According to a 2011 Deloitte and Harrison Group study of 3,200 households and 405 medium-sized businesses, respondents cut their electricity use by 25% to save money. What’s more is that about 87% of respondents said they are searching for more energy- savings opportunities.
There are simple ways to beat the summer heat without getting scorched by high utility bills. Here are six tools that aim to reduce your energy bills and are easy lifestyle changes.
Many consumers only watch a handful of TV channels on a regular basis, yet pay for hundreds that go unwatched. One way to reduce your monthly cable invoice is to buy a Roku device. This small streaming media player starts at about $60, connects to your TV, and offers access to Netflix, Pandora, Facebook, Hulu Plus, and Amazon Instant Video subscriptions without a PC.
There are hundreds of other private and public streaming Roku channels to get your daily fix of news, sports and entertainment.
Now that you’re streaming movies and TV shows through your TV, get free over-the-air programming for the major network channels with a digital antenna that cost around $60-$150.
“Digital TV is as good quality and often at a higher resolution than cable,” says Gregory Cohen, a consumer who installed an antenna on top of his house recently. “I got a digital tuner that goes into my home network, and I can watch Over-the-Air TV on my laptop for $60 more.”
Water Flow Meter
Patrick Frano of Blue Sphere Water Technology, which monitors utility usage of major manufacturing facilities, suggests purchasing a plastic home flow meter for about $100 to monitor hot water usage.
“Any semi-handy person could install one on the entry to the hot water heater in their home,” he says. “Now they can check it every week and say to their family, ‘Hey, we used 2,000 gallons of hot water last week. Let’s see if we can make an actual 10% reduction for next week.’” Other places for flow meters may include the irrigation system or swimming pool filter.
Nest Learning Thermostat
Many local utility centers offer technology or products to remotely control your energy use that can significantly lower your monthly bill. If your company doesn’t offer anything, check out the Nest Learning Thermostat. The company claims the product saves about 20% when you “teach it well,” which takes about a week by turning the heat down at night or turning off the AC when you leave the house.
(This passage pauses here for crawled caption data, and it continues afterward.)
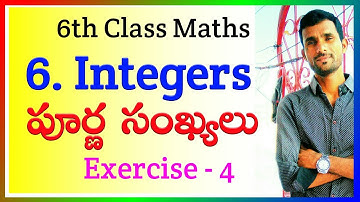 6 Integers - పూర్ణ సంఖ్యలు | Exercise - 4 | 6th Class Maths | Chapter - 6 | Integers | Nivas Info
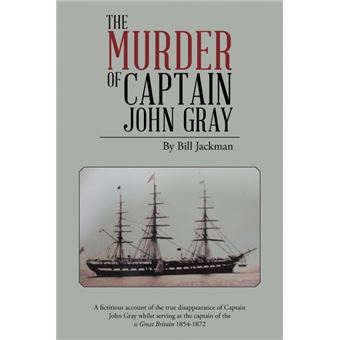 The Murder of Captain John Gray - A Fictitious Account of the True Disappearance of Captain John Gray Whilst Serving as the Captain of the SS Great Bri - Paperback / softback - 2014 - 1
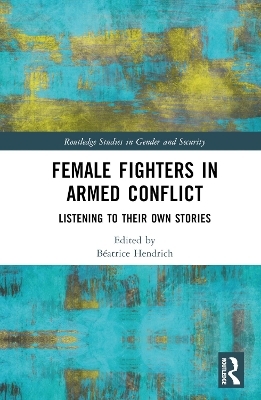 Female Fighters in Armed Conflict - 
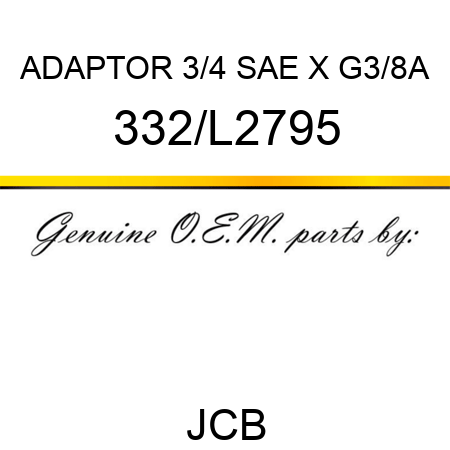 ADAPTOR 3/4 SAE X G3/8A 332/L2795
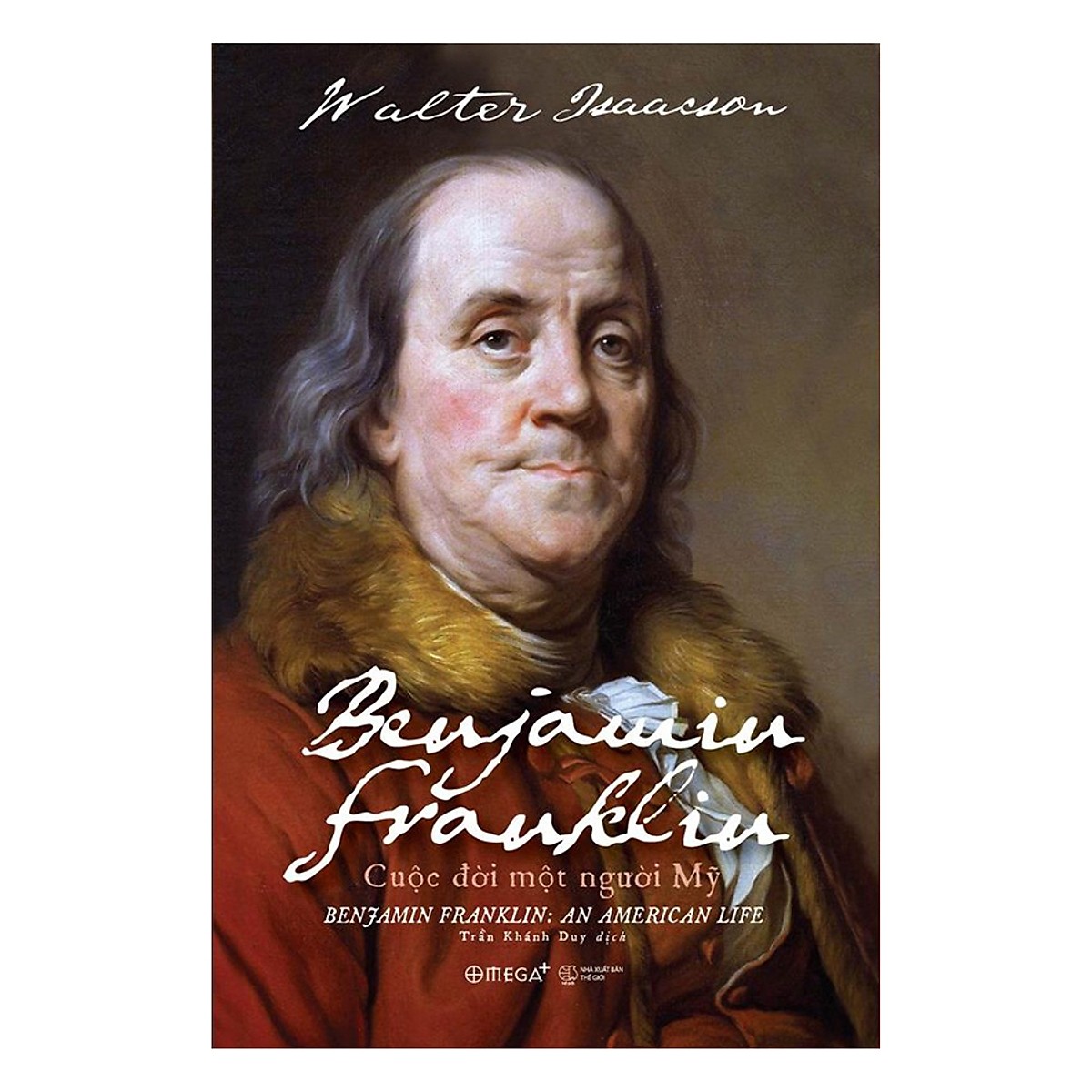Benjamin Franklin: Cuộc Đời Một Người Mỹ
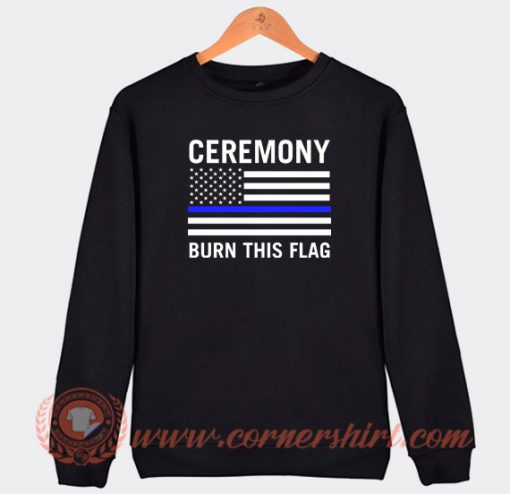Ceremony-Burn-This-Flag-Sweatshirt-On-Sale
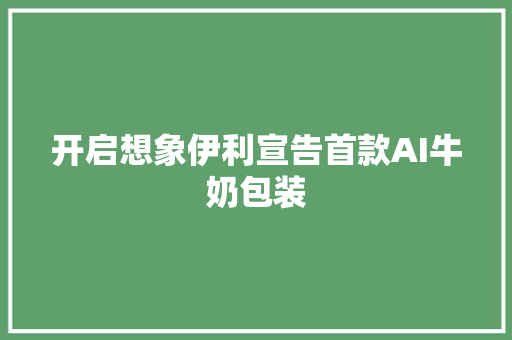 开启想象伊利宣告首款AI牛奶包装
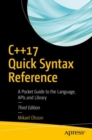 Image for C++17 Quick Syntax Reference: A Pocket Guide to the Language, Apis and Library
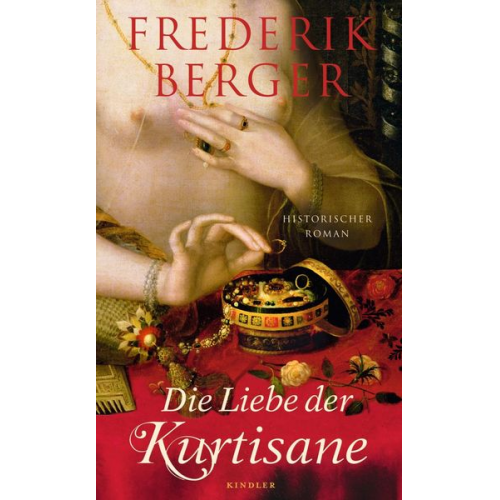 Frederik Berger - Die Liebe der Kurtisane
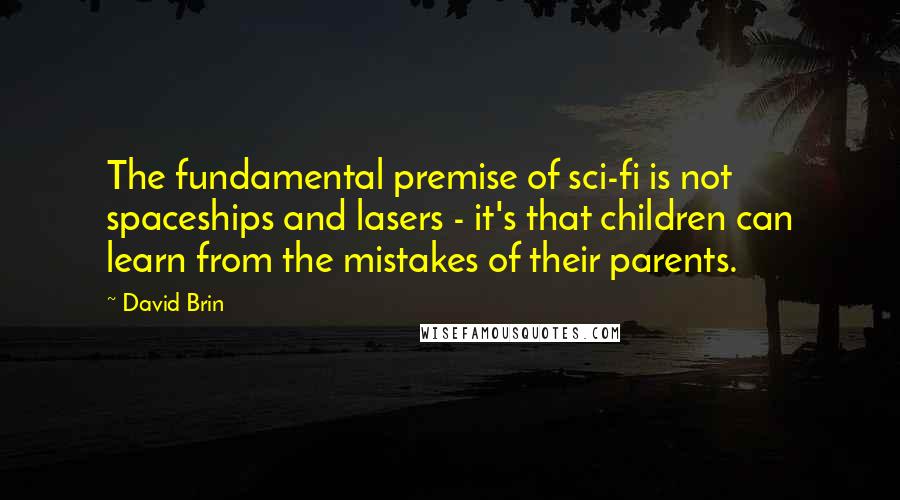 David Brin Quotes: The fundamental premise of sci-fi is not spaceships and lasers - it's that children can learn from the mistakes of their parents.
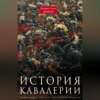 История кавалерии. Вооружение, тактика, крупнейшие сражения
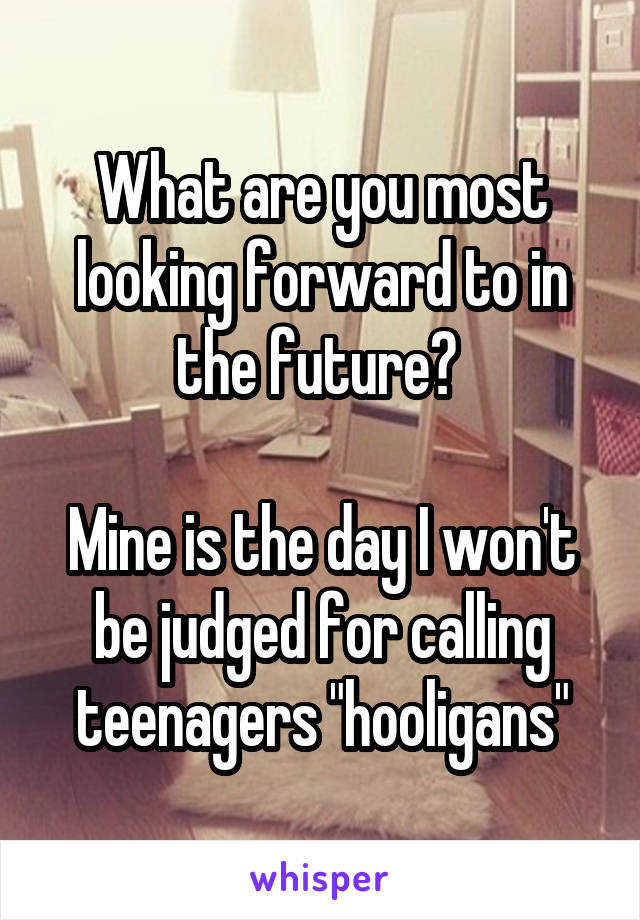 What are you most looking forward to in the future? 

Mine is the day I won't be judged for calling teenagers "hooligans"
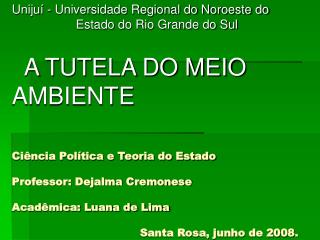 Unijuí - Universidade Regional do Noroeste do 			Estado do Rio Grande do Sul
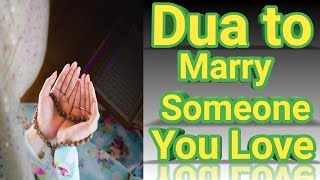 Listen Surah Al-Furqan To Marry Someone You Love | Dua For Marriage With A Loved One | Love Back
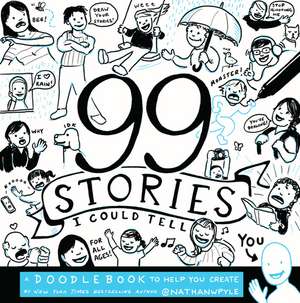 99 Stories I Could Tell: A Doodlebook To Help You Create de Nathan W. Pyle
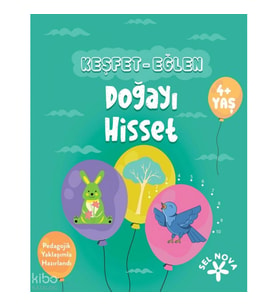 Keşfet - Eğlen: Doğayı Hisset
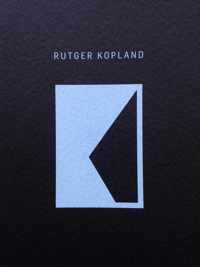 Rutger Kopland. Een selectie uit het werk van Rutger Kopland - Trouw Poëziecollectie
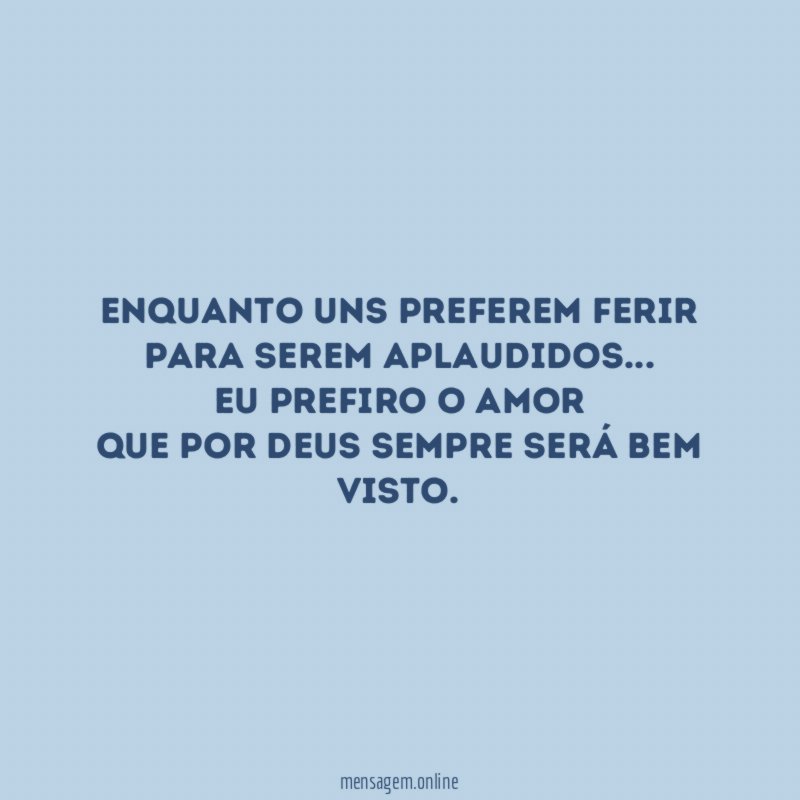 Enquanto uns preferem ferir para serem aplaudidos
Energy-saving features like Auto-Away and Energy History become available as Nest learns your habits and adjusts automatically. Nest can also be remotely controlled with a Smartphone app.
Some solar companies are now offering no-money-down leases to install solar panels on a home’s roof that can result in immediate reductions on electricity utility bills.
“Companies will do everything - take care of permits, do the installations, and provide the financing,” says Denis Wolcott, a spokeswoman for American Solar Direct. He adds the average monthly savings is about $50, with a good hedge against future electricity cost increases.
Buying a rain barrel from a home improvement store or nursery and placing it under a gutter to catch water during heavy rain can reduce the increase in your water bill from the summer plant and lawn watering tasks.
The barrels cost around $100, and some cities and municipalities also offer rebates on purchases.